In the speech broadcast on state television, Kim recited the points emphasized in Pyongyang's propaganda, saying he wouldn't be intimidated by foreign aggressors. But the speech marked a stark reversal from the style of late leader Kim Jong Il, whose voice was heard publicly only once by North Koreans and for a matter of seconds when he shouted "Glory to the heroic Korean People's Army" at a military parade in 1992.
Kim's Sunday speech lasted about 20 minutes. He spoke assuredly but fixed his eyes on his notes. He wore a dark Mao suit, and when he finished, he remained on the observation deck overlooking Kim Il Sung square, clapping and saluting while he watched a massive military parade.
"Superiority in military technology is no longer monopolized by imperialists," Kim said.
Beginning with a failed rocket launch and a series of political conferences, North Korea has tried to use this week its biggest national holiday in decades, celebrating the centennial of Kim Il Sung's birth to both honor its national founder and confirm its emergence into prosperity. The reality is different: Pyongyang depends on foreign aid and domestic brutality, its system held together by government surveillance and the threat of labor camps, where as many as 150,000 are imprisoned, according to Western estimates.
The country's living standards have fallen since the 1970s, but Kim's speech Sunday, experts said, showed that the country is trying to tie the new leader to his grandfather, who presided over the decades for which some North Koreans feel nostalgic. Kim Il Sung delivered occasional public speeches, also in a low and commanding voice.
"By putting the young guy out front, with a similar style of speaking, this is a very orchestrated comparison" between Kim Jong Eun and Kim Il Sung, said Kongdan Oh Hassig, a North Korea researcher at the Alexandria-based Institute for Defense Analyses. "We don't have exact records, but we know Kim Il Sung used his charisma with a very deep voice. Kim Jong Il was the unusual one the most introverted."
The impoverished North spent an estimated $1 billion on preparations for the weekend, said Cho Bong-hyun, an analyst at IBK Economic Research Institute. Even so, Cho said, the celebration amounted to a vast "optical illusion."
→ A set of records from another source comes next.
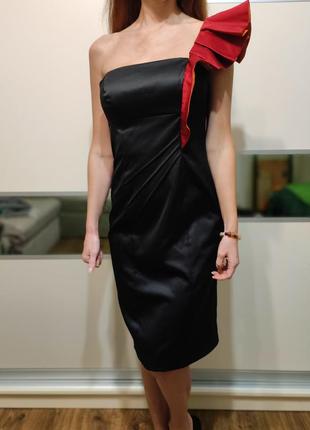 Дизайнерское платье julienmacdonald1 фото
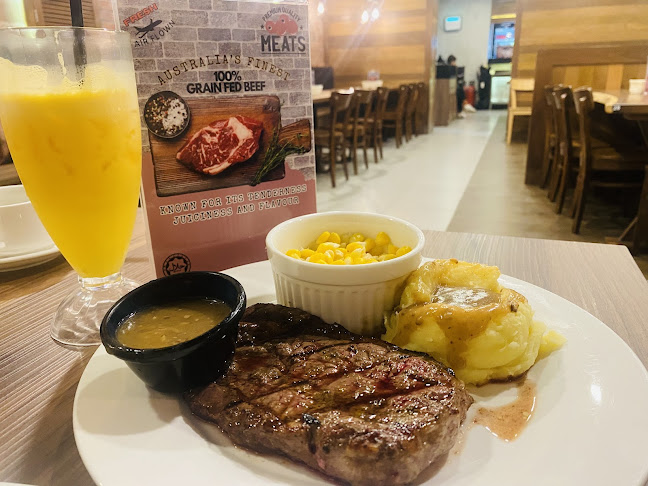 Astons Specialities @ Bukit Indah - Gastronomi dan perhotelan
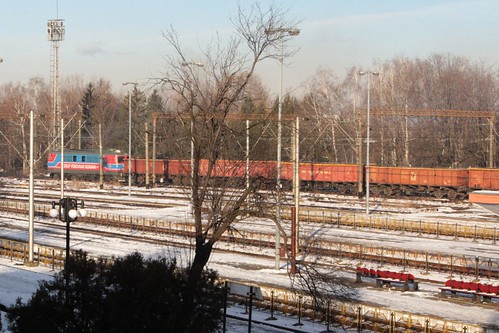 Grup Feroviar Român hauled coal train passes through Brașov station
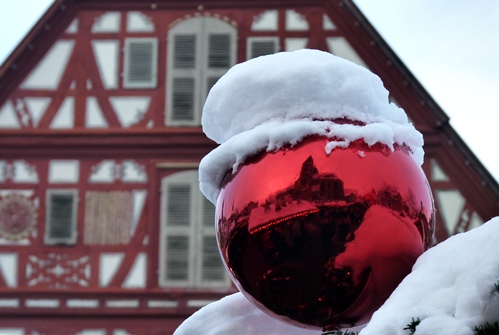 \"\"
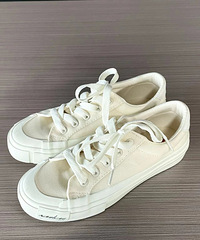 �����͵���ɫҲ������ס�ˣ����ڴ��ĵķ���Ь�ҵ���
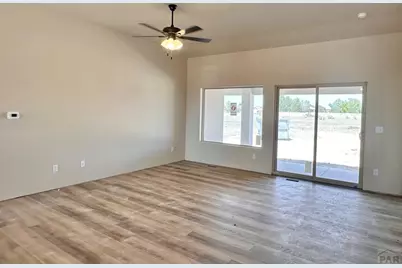 860 S McCulloch Ct, Pueblo West, CO 81007 - Photo 6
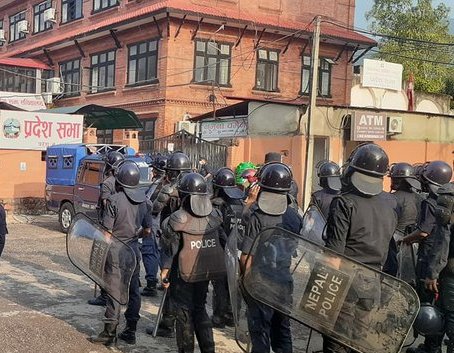 प्रदेश ५ : प्रदेशसभा घेराउ रोक्न व्यापकरुपमा प्रहरी परिचालन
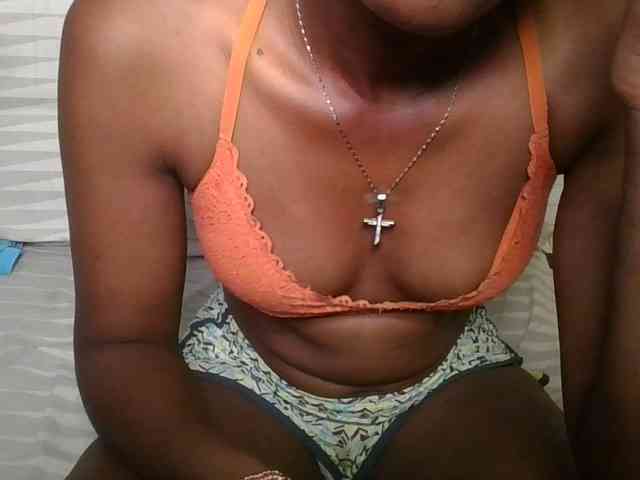 Brunnette-blonde webcam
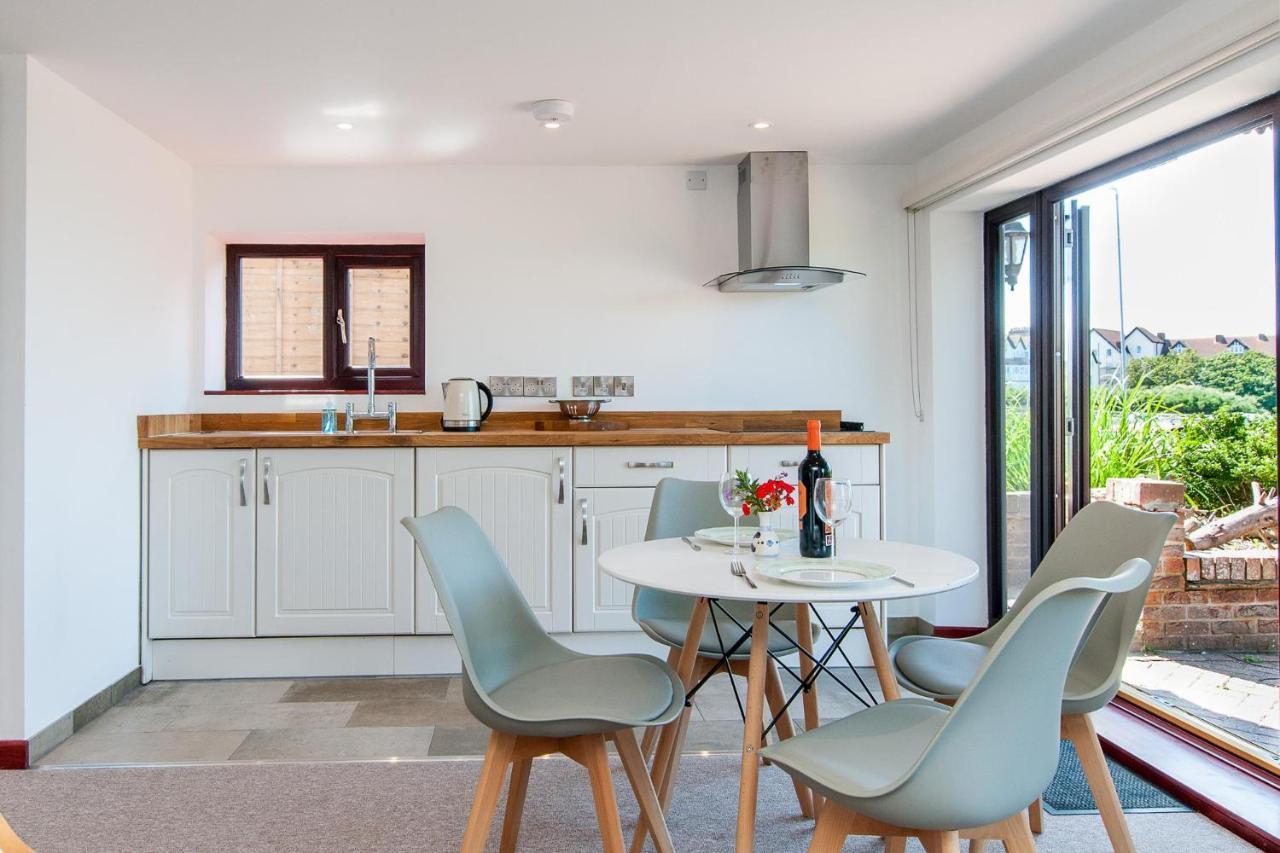Holiday home St Mildreds Bay Annex Retreat With Direct Sea Views Margate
The country renovated apartment buildings in the showcase capital of Pyongyang, but it pulled students from university classes to help with the construction. It built a new hydroelectric power plant, but it hasn't yet offset severe power shortages that allow for only two hours daily of electricity, according to reports from aid groups that operate in the North. The country also attempted to blast a long-range rocket into orbit Friday, but the device disintegrated 90 seconds into the flight and fell into the Yellow Sea.